**How to complete this task**
From the material below, set down exactly the lines that run from the one containing "Discover Silliest Pumpkin" to the one containing "FREE PEOPLE BEACH", minus the pictures.

**Data in this exercise**
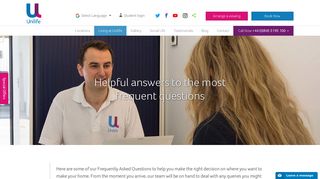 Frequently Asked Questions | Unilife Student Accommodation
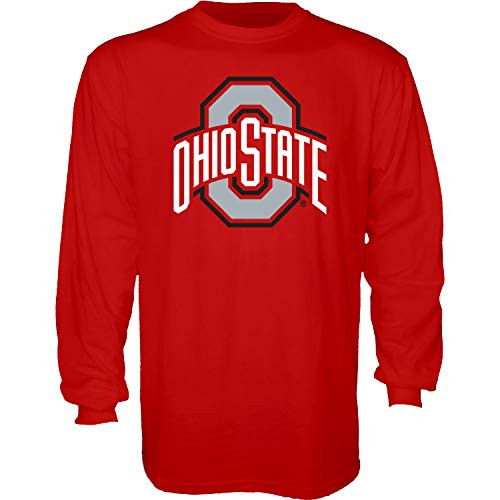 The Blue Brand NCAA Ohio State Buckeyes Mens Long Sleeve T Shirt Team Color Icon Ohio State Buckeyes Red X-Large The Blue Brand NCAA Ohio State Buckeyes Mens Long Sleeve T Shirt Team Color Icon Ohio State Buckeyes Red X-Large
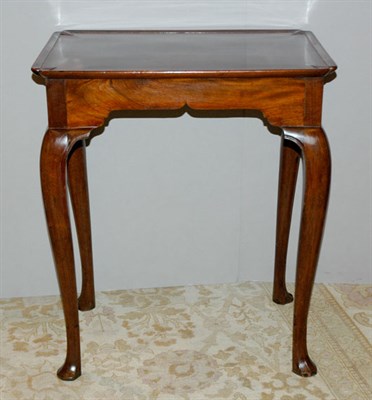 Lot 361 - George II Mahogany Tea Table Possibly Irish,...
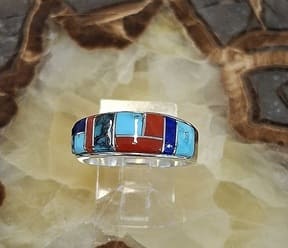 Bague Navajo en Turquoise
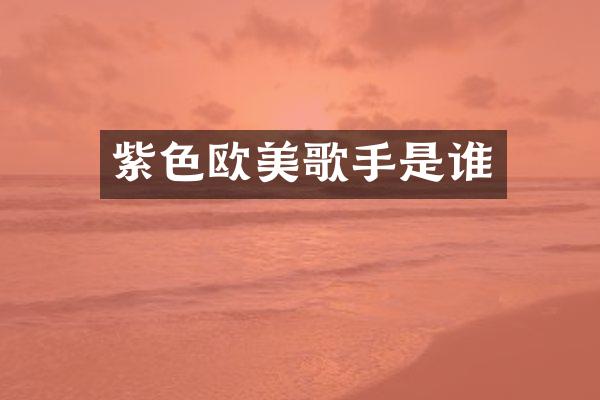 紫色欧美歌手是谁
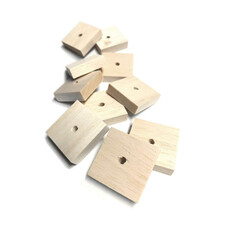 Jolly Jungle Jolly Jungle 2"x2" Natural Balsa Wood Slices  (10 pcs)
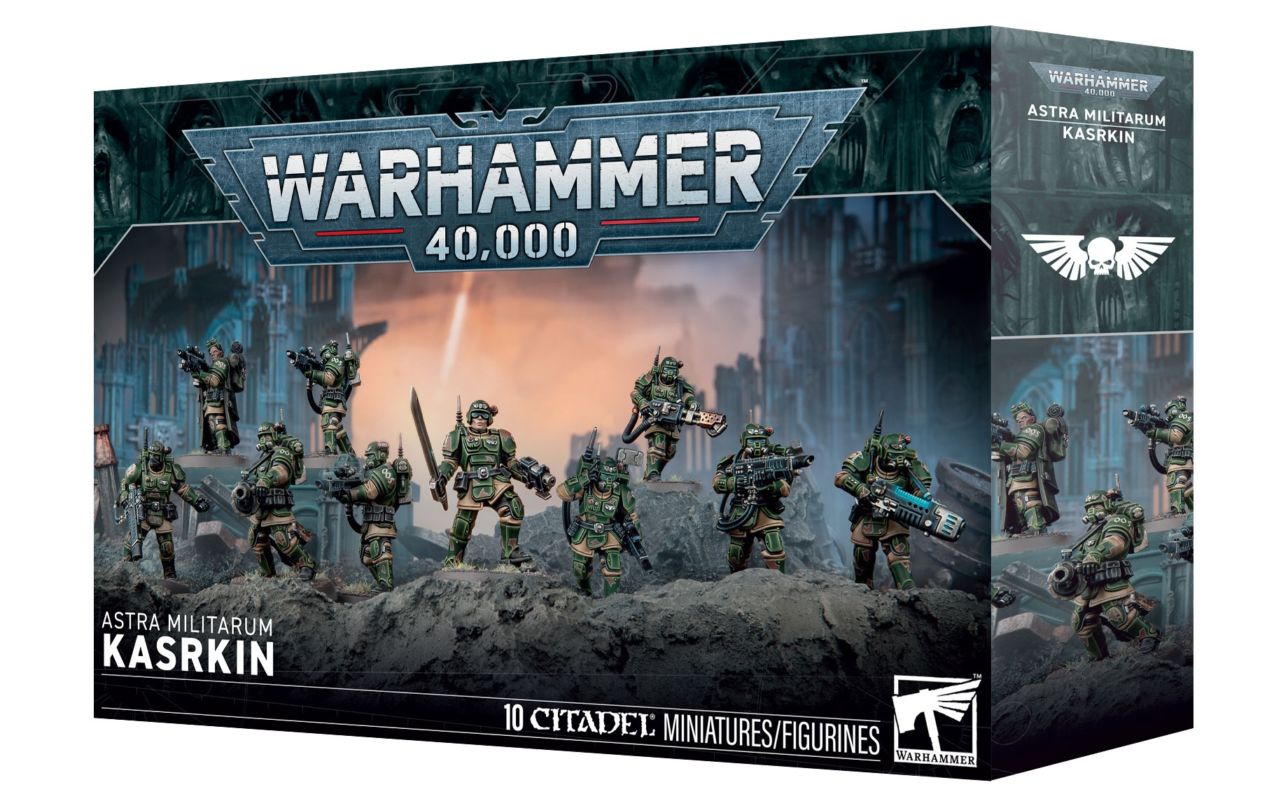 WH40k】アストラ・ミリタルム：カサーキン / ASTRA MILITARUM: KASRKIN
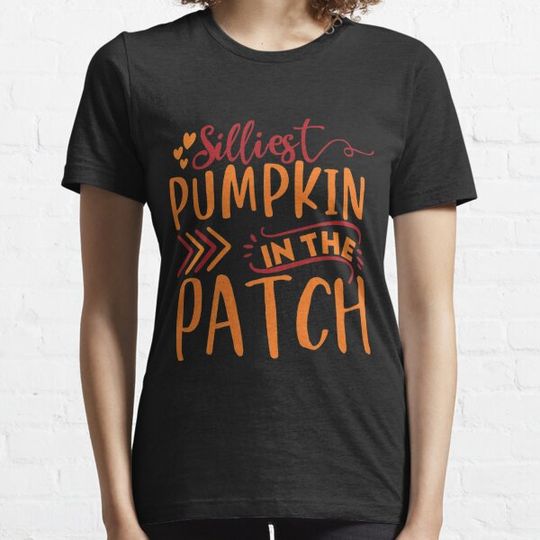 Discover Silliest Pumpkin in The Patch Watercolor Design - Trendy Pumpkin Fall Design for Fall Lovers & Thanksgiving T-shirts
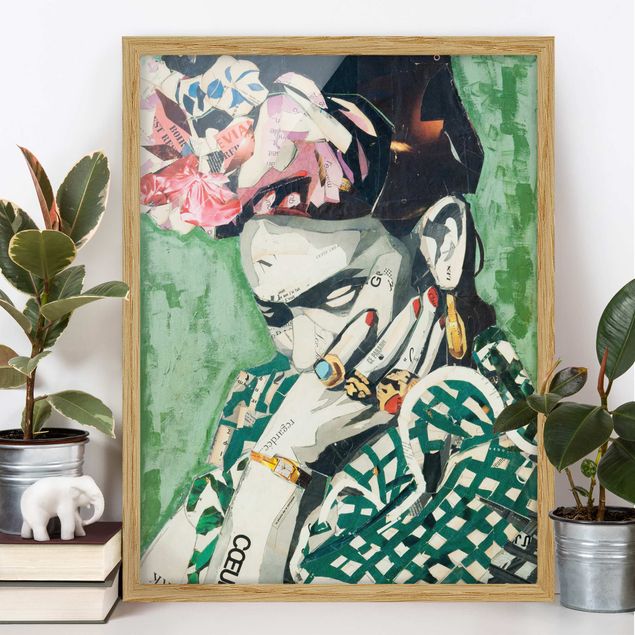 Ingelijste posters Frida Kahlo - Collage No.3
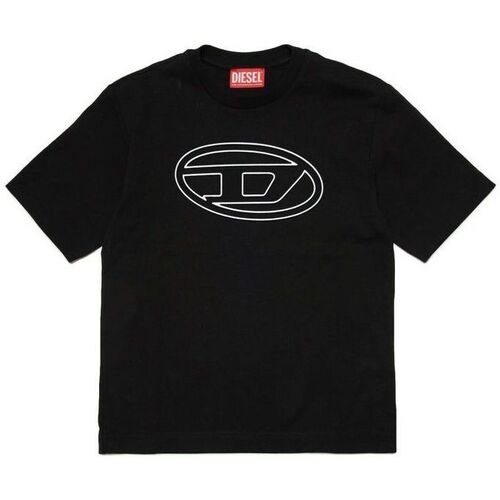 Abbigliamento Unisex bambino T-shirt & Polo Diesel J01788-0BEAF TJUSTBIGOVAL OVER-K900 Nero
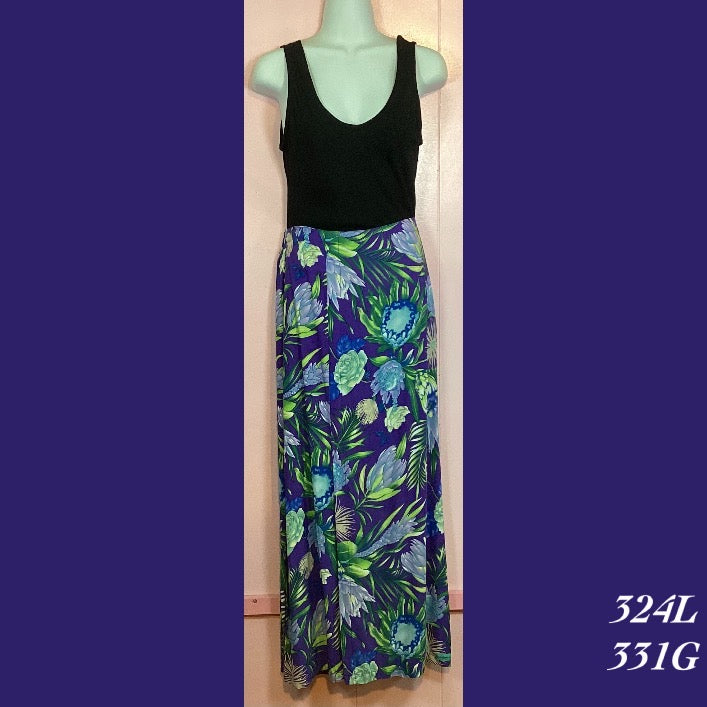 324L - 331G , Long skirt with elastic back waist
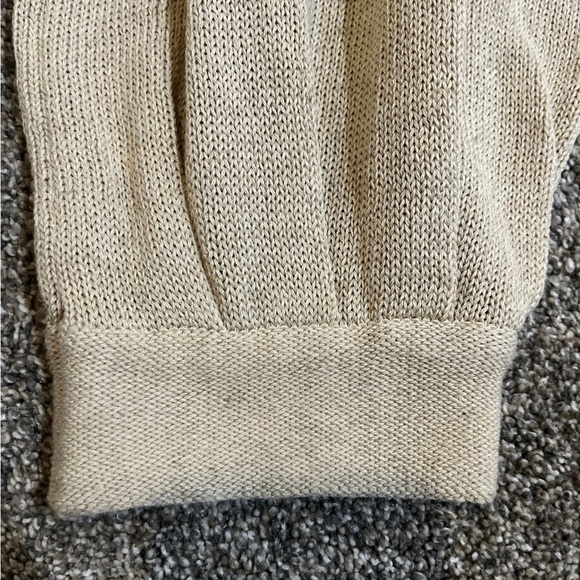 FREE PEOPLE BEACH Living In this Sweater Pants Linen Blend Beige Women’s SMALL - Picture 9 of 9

---

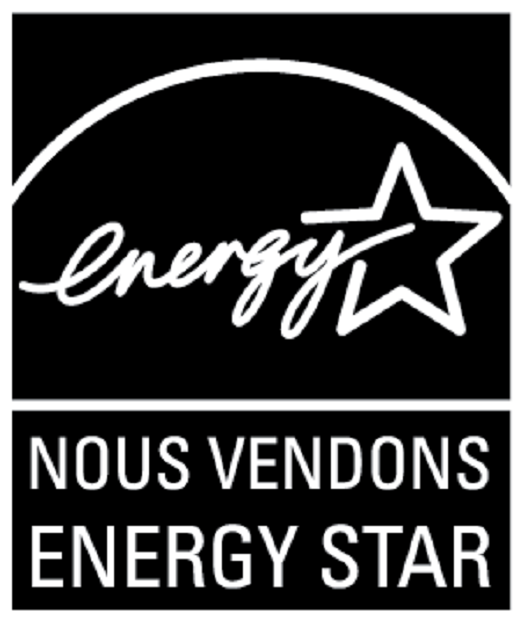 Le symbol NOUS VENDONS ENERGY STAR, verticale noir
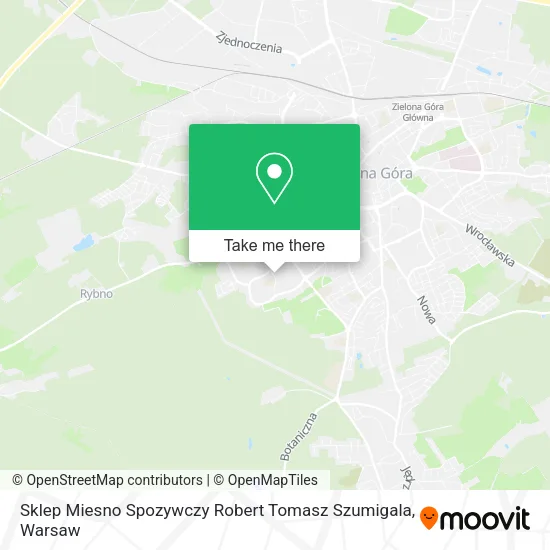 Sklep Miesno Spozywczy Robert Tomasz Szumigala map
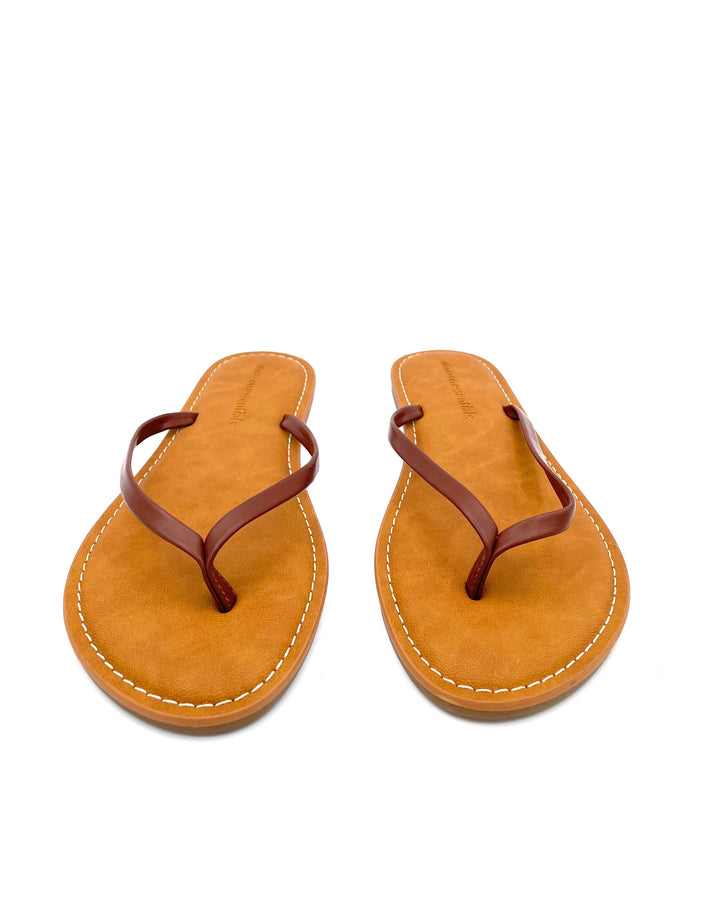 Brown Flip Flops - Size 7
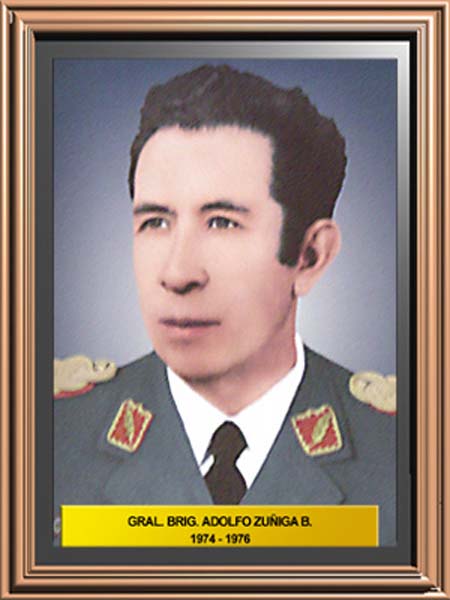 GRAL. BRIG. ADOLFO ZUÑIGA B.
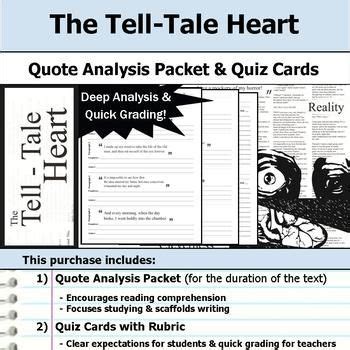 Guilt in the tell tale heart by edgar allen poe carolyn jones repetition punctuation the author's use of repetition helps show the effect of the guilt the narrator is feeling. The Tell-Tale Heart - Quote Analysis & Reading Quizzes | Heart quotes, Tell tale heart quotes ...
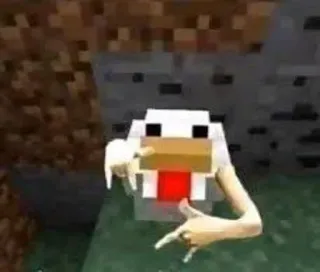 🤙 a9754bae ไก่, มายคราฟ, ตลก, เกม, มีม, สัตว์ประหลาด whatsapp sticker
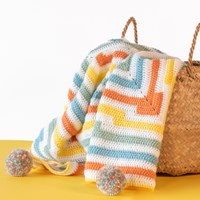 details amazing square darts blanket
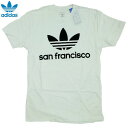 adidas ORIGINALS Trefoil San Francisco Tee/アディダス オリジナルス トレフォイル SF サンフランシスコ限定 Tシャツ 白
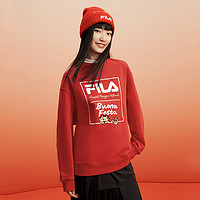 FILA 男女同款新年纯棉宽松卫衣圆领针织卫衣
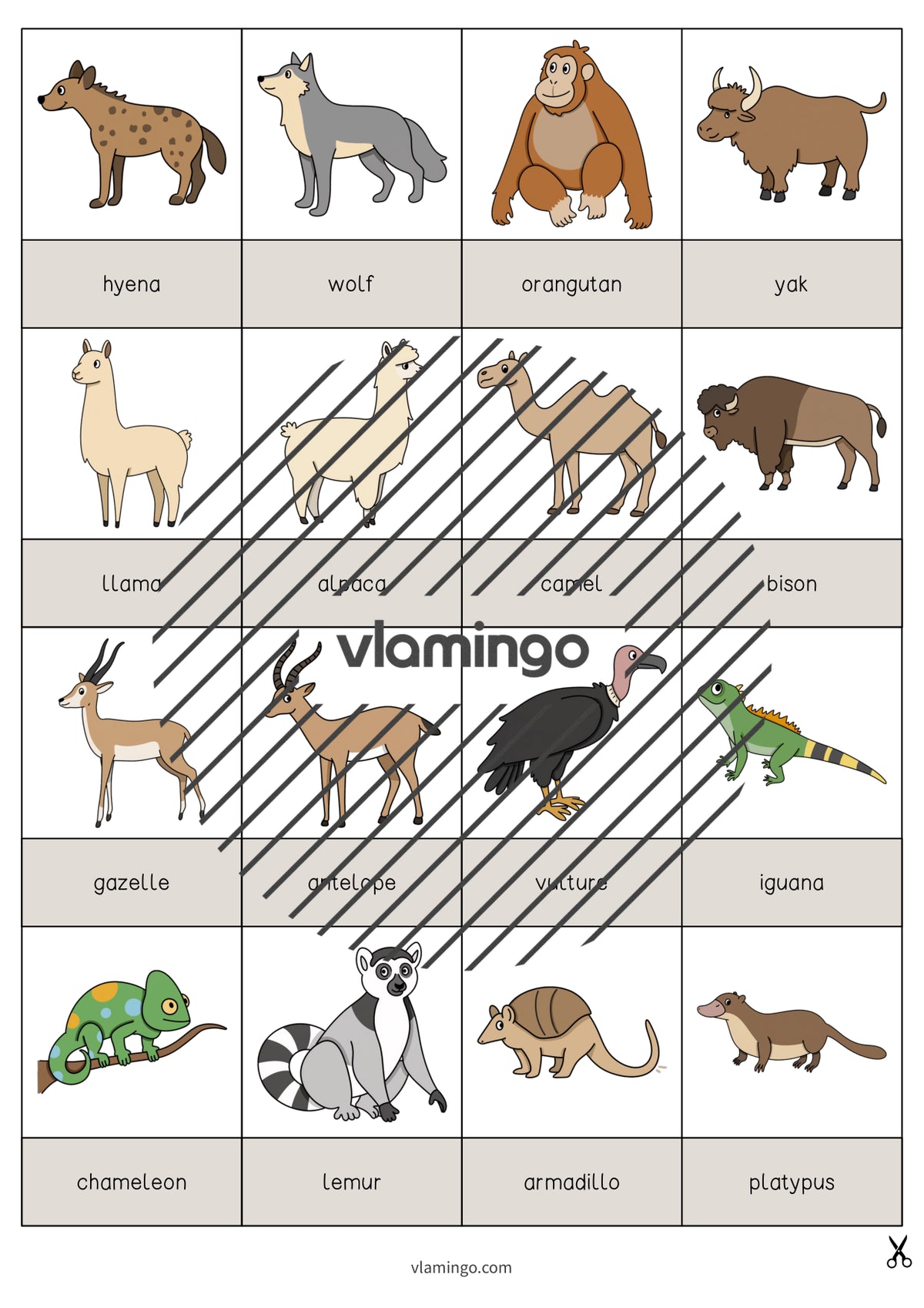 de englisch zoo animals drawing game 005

**Task result**
 Discover Silliest Pumpkin in The Patch Watercolor Design - Trendy Pumpkin Fall Design for Fall Lovers & Thanksgiving T-shirts
 Ingelijste posters Frida Kahlo - Collage No.3
 Abbigliamento Unisex bambino T-shirt & Polo Diesel J01788-0BEAF TJUSTBIGOVAL OVER-K900 Nero
 324L - 331G , Long skirt with elastic back waist
 FREE PEOPLE BEACH Living In this Sweater Pants Linen Blend Beige Women’s SMALL - Picture 9 of 9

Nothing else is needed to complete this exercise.